The Masters didn’t specifically bar African Americans. It simply made the conditions for invitation wholly unrealistic.
It ritually would invite, say, the best golfer in Formosa, or the runner-up in the Portuguese Open, the best golfer in the south of France or the Dutch Open champion. But when I would write a column inquiring why a two-time winner on the American tour, Charlie Sifford, wouldn’t get invited, I would get a letter from Bobby Jones explaining that all he had to do was win the U.S. or British Open or finish better than 16th in the U.S. Open.
Easier said than done for a guy whose race made it difficult for him to tee it up at all in those tournaments. So, I would write to ask why Chen Ching-po, who had done neither of those things, got invited. So had Gary Player, who had done neither the first year he was invited.
Jones was gone when the Masters finally changed the rules to automatically admit tour winners. That was too late for Sifford but in plenty of time for Tiger Woods and, therefore, the rest of the game of golf.
In spite of its undeniable beauty, the Masters, in a real sense, fails to qualify as a major in degree of difficulty of play. There’s no rough at the Masters. You can loosen the girdle and let fly. It thus rewards big hitters inordinately.
The U.S. Golf Assn. has been known to grow hip-high rough for its U.S. Open to frustrate the players and force them to think of accuracy rather than length. The British Open puts its tournaments on seaside courses where strong winds and bad weather make those high, long shots inadvisable.
The Masters has been won an inordinate number of times by the same kind of player--sometimes the same player, period. It used to be won by Hogan-Snead, Snead-Hogan. Then it was Palmer-Nicklaus, Nicklaus-Palmer. Jack Nicklaus won six Masters, Arnold Palmer four. Hogan and Snead won five between them and had a playoff for the fifth.
The headline “Unknown Wins Open” would appear periodically after a U.S. Open. Sam Parks, Tony Manero, an Ed Furgol, Orville Moody, Jack Fleck would emerge. No unknown ever has won a Masters. It has been as formful as a coronation.
You can spray the ball at the Masters. Straight is not a consideration. But you have to be able to get your ball over the crown of the hill on the par-fives. Lee Trevino, for one, never could do that. But Tiger Woods had a wedge second shot to the par-five 15th twice last year.
No one has an advantage putting. The greens are like glass. Your only hope is to get the ball close with your approach. Obviously, this is easier to do with a wedge than a four-wood.

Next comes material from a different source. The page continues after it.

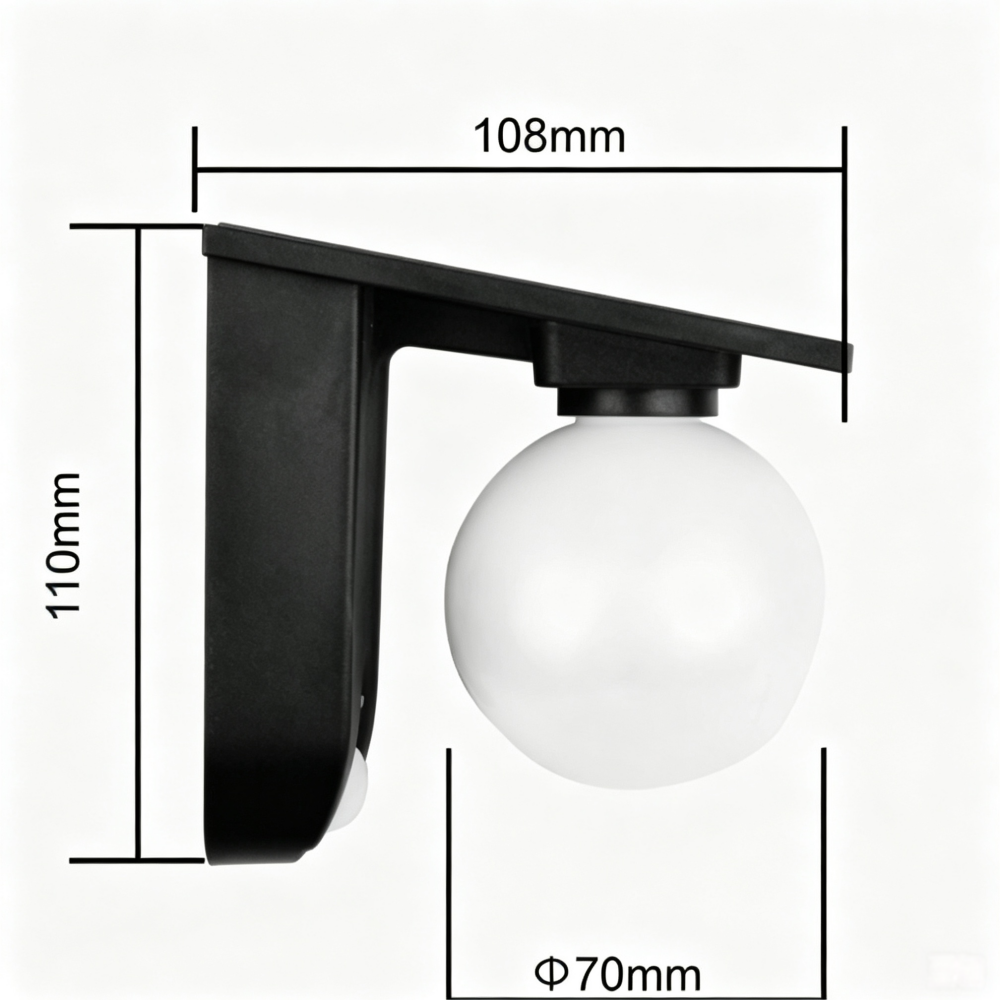 Solar Powered Motion Sensor Globe Ball Outdoor Wall Light - Waterproof Wall Lamp for Fence Patio Porch Garden Yard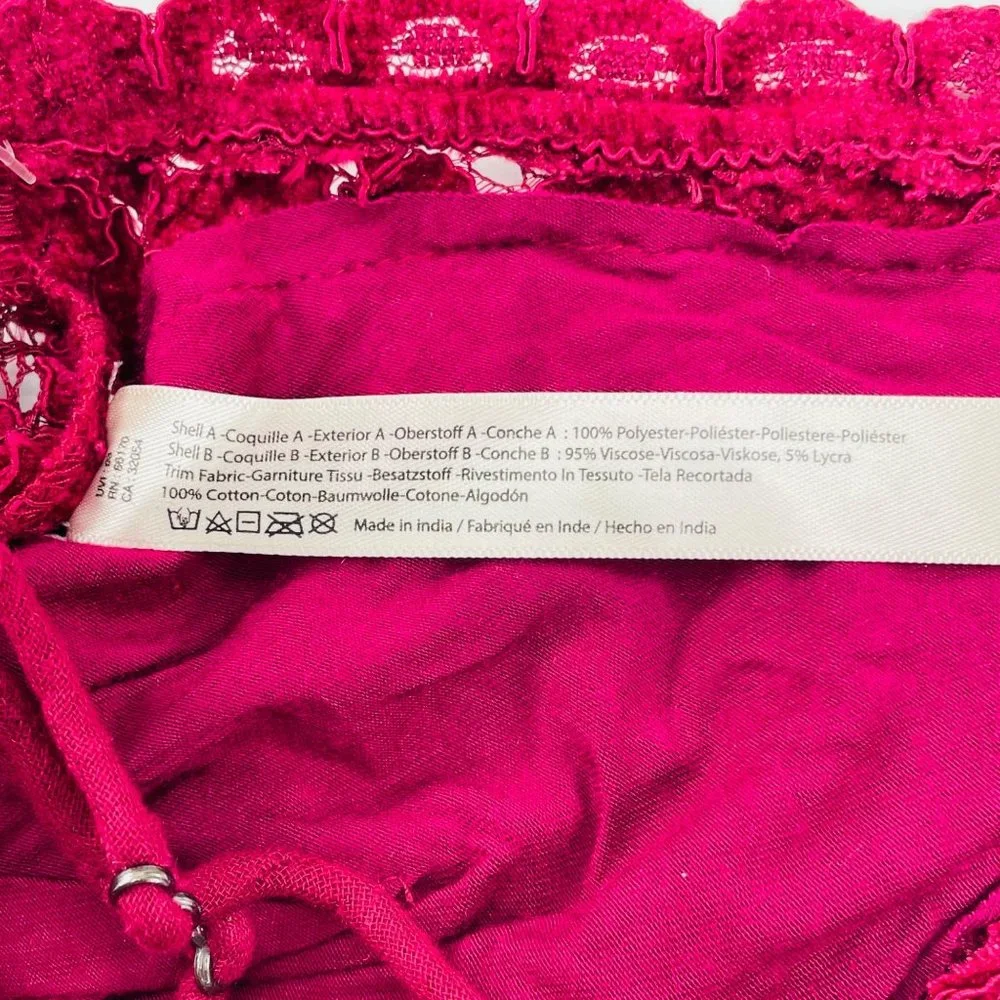 Free People - Celine‎ Floral Crochet Lace Bralette - Mulberry - XS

It has become a happy hunting ground for the foreign player of late. The winners of seven of the last 10 Masters have been from abroad--Nick Faldo three times, Sandy Lyle, Ian Woosnam, Bernhard Langer and Jose Maria Olazabal.
Well, why not? More get invited than for any other tournament. Jones-Roberts saw to that.
So, is the Masters a faux major? No, but it found itself a major considerably to its surprise. The grand Bobby probably thought he was creating an event where a fellow amateur might be able to win once in a while. Instead, he has established a hallowed corner of golf that makes those other “majors” look minor. Ask any player if he’d rather win a PGA or a Masters, he’ll look at you as if you’d lost your mind.